[FRIAM] chicken-egg::gumflap-talk

Steve Smith sasmyth at swcp.com
Mon Jun 8 16:32:55 EDT 2020


Glen -

Without trying to convince you of anything, but trying to practice
(learn) empathic listening, and surely coming up far short of a steelman
of your position:

You seem to be saying that (in my example) what I have applied the terms
"songline" to are (might be?) (only/mostly?) someone's reification of
some thoughts they had?  I *do* understand that the (dead white guy/gal
- Boas, Benedict, Mead, et alia) field of Western Anthropology might
well impose onto the Cosmology of a population such as the "first
peoples" who lived on the continent we call "Australia", our *own*
projection of what they are about with what we have com eot "reify"?
under the title of  "songline" or "dream track".   In fact, I am given
to understand that within that cosmology, these "lines" are the tracks
of creator-beings within the Dreamtime, all of which is perhaps too
foreign for me to do more than recite these terms about.
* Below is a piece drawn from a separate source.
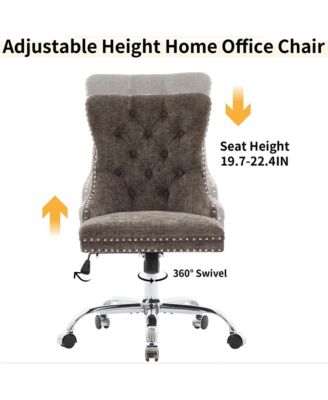 Office Chair - Chenille Upholstered Tufted Button Desk Chair, Adjustable Swivel Computer Chair with Chrome Metal Base for Home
But that leaves the question of whether what *they* (if there is even a
they-there?) use their version of these terms for something that is
"simply a mish-mash of junk from which no sense can be inferred?".   I
realize you were using that phrase to describe an extrema of a spectrum,
and perhaps were not even thinking of the specific example I put
forward.  (trying to take any idea that I'm throwing up a strawman here).
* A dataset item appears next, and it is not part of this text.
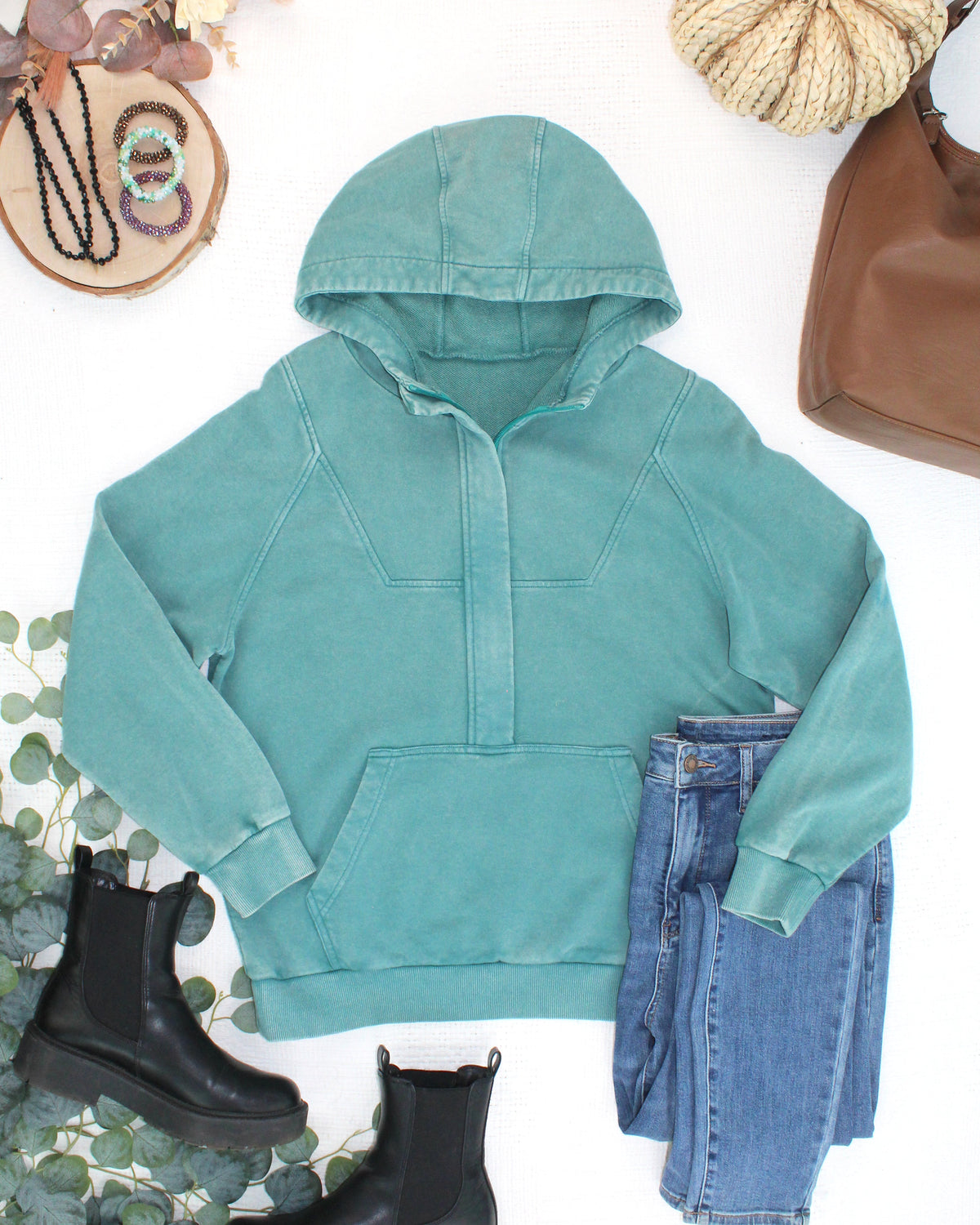 Michelle Mae Ryker Vintage Wash Hoodie- Teal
I don't know if it helps to try to address (so we can factor it out?)
this Western/Anthropological *interpretation/projection* from the
*aggregation/abstaction* of trying to treat a people as presumably
diverse as the entire (pre-colonial?) population of the continenet we
call Australia, as a single culture.   We have acknowledged something
*like* 250 distinct languages (pre-colonization) but also
imagine/pretend that their collective spirituality/mythology/culture was
significantly more homogenous than that encountered, for example, in the
Americas with a vaguely-parallel timeline (first "discovered" just over
100 years later).

You acknowledge Stigmergy and (thereby?) allude to spontaneous order and
further afield perhaps spandrels and exaptation.    Just to be clear,
I'm not *trying* to "throw dookey in the fan" here (aka "generate
thread-splatter"), but looking for an arc/trajectory/envelope in it that
makes sense to me.  

What you say about "Scientific Practice" sounds to me like you are
saying the "object" we point at is more like an ephemeral cloud (from
another thread) whose boundaries are not what we think they are.  That
is "porous", possibly "fractalish", and not so much objectish, or easily
pointed at except as a distribution, or maybe an envelope (bounding
volume?) in higher dimensional space?

Maybe this is another example of how "communication is an illusion"...
but Frank's recent cartoon of communication that I took to be a stylized
form of projection -> serialization -> transition -> deserializatoin ->
reprojection, seems relevant.

chicken-egg::gumflap::threadsplatter ?

- Steve

On 6/8/20 1:00 PM, uǝlƃ ☣ wrote:
> No, I reject both your and Dave's concepts (for the sake of argument). In both the story-conception and the songline-recitation, there's a sense that there's something underlying the actual stuff ... some idea(s) that drive, guide, cause, modify, the things ... some *coherence* that can be well-inferred. In Dave's conception, the collapse integrates/coheres into an ephemeral story. In the classroom, there's a sense of "training", "indoctrination", "learning", etc. This is what I mean when I say people *reify* their thoughts.
>
> I *imagine* there are pathological, accidentally accreted "trajectories" that are not even identifiable as trajectories (or meshes, or lineage trees, etc.). They're simply an accidental mish-mash of junk from which no sense can be inferred.
>
> Now, it would be a spectrum, of course. Stigmergy is a word we use to describe the mostly accidental coming together of some accreted thing into perceivable patterns like a cityscape. Jon's idea of the Equisite Corpse is another. But if we allow a spectrum, then we should allow both extremes, which would include collections of speech acts that don't ever cohere.
>
> Your example of scientific training does evoke, however, scientific *practice*, which I think lands more toward the incoherent side of the spectrum. That it's less coherent than philosophers of science try to make it seem is a frequent topic.
>
> On 6/8/20 9:26 AM, Steve Smith wrote:
>> Scientific training has a strong parallel?   Classroom study being  a
>> bit like learning to recite a songline, and lab work a bit like "walking
>> the talk" and new discoveries ranging from correcting a misphrase or
>> accomodating a nuanced change in the environment or adding a side-jaunt
>> up a different canyon to a never-before (or not in this songline)
>> explicated bit of territory?
> On 6/8/20 8:36 AM, Prof David West wrote:
>> To me this suggests that the speech act is, in itself, nothing more than 'gum-flapping' but when a collection of 'flaps' are inter-connected / integrated into a conversation, or, more accurately, a story; the story  has an emergent property of "meaning." 
>>
>> 'Flaps' have no "meaning." Stories do.